Firstly I want to clarify the definition of solipsism. It's possible I use a somewhat non-standard definition of "solipsism" and so just in case, it's a good idea to define the term. Solipsism to me means a unified subjective point of view. So it's both unified, as in, non-dual, not excluding anything as "other" or "out there" and subjective, as in, personal, perspectival, something to which other alternatives do exist. So an experience is subjective if it's perspectival. All experiences are perspectival. And something is perspectival if other alternatives exist. So for example, if I think events happen in time, since I can imagine events not happening in time, at least the conventional variety of time is optional in my consideration. So time is perspectival and subjective.

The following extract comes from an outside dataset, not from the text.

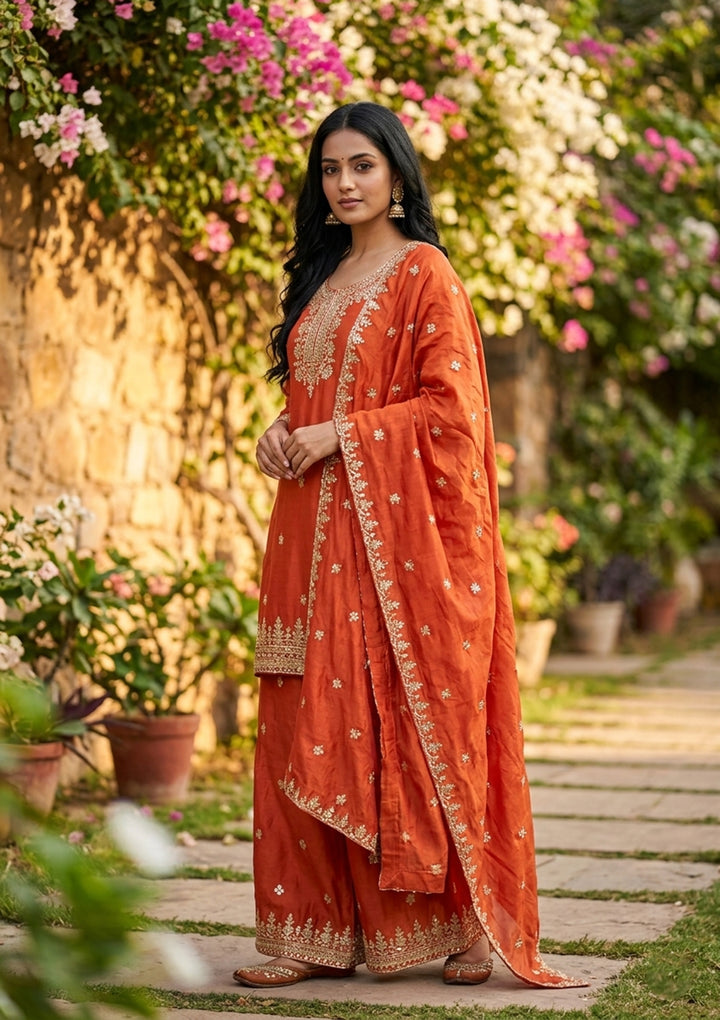 Rust Crepe Sequins Straight Kurta With Sharara And Dupatta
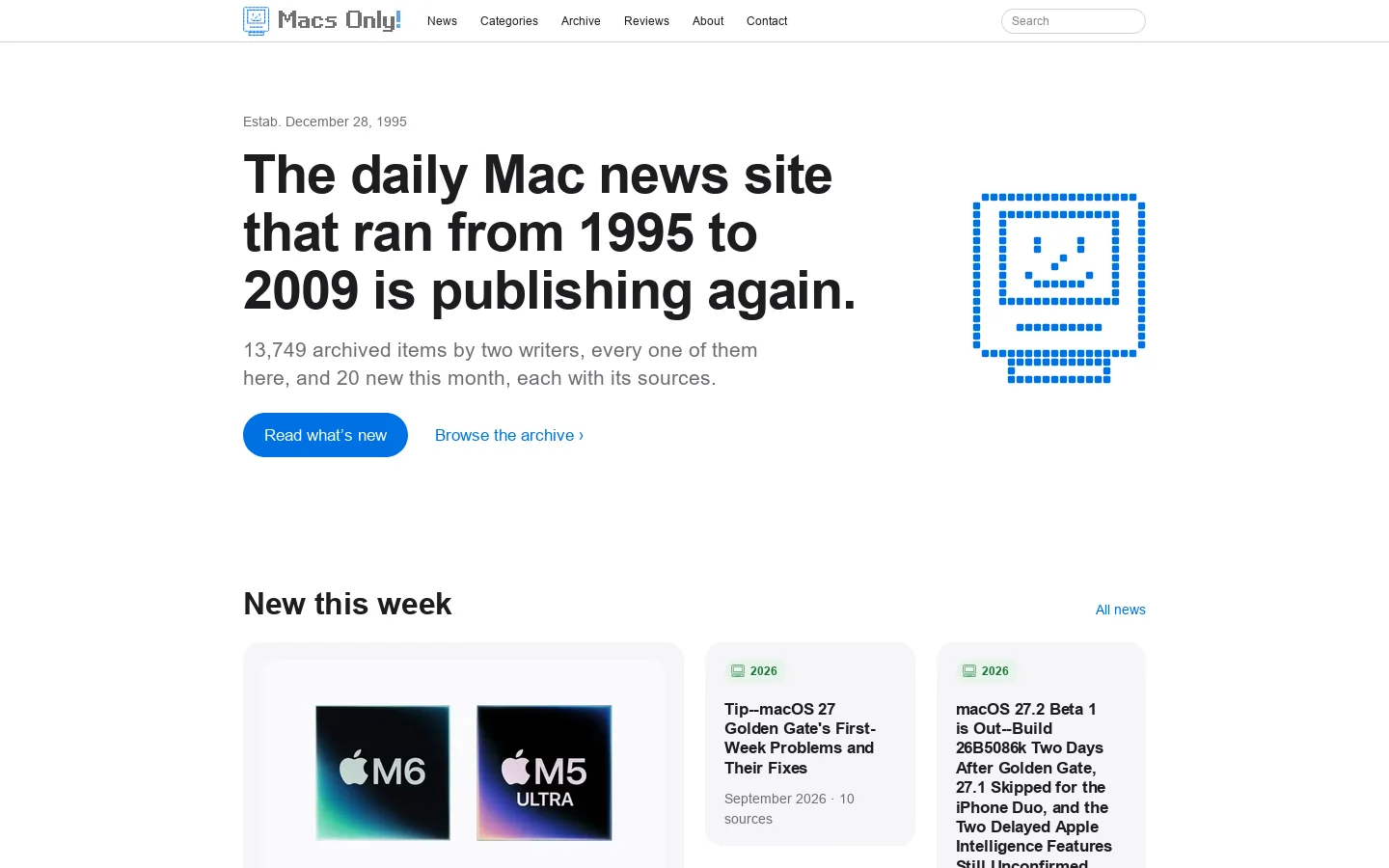 Macs Only! Apple Macintosh News, Commentary, Reviews & Troubleshooting Homepage screenshot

So what solipsism does not mean is something like "Everything is only Nefandi." That would be nonsense. I can experience any sort of identity or body. Because nothing concrete (specific) in my experience of myself is non-optional, when I unify my point of view, I am not unifying it under my conventional identity. Insofar Nefandi appears to me, so do say TriumphantGeorge, Utthana, and so on, at least, in this specific configuration of experience I am in now. So my view is unified in myself, but I am not strictly speaking Nefandi. I am experiencing Nefandi and to some extent you can say I am Nefandi-ing, but that isn't accurate, because in addition to Nefandi-ing I am also TriumphantGeorge-ing, street-ing, car-ing, cloud-ing, time-ing, space-ing, universe-ing, and so on. But it would be accurate to say that Nefandi-ing right now is at the forefront of my awareness and it often blinds me to other activity I am performing right now.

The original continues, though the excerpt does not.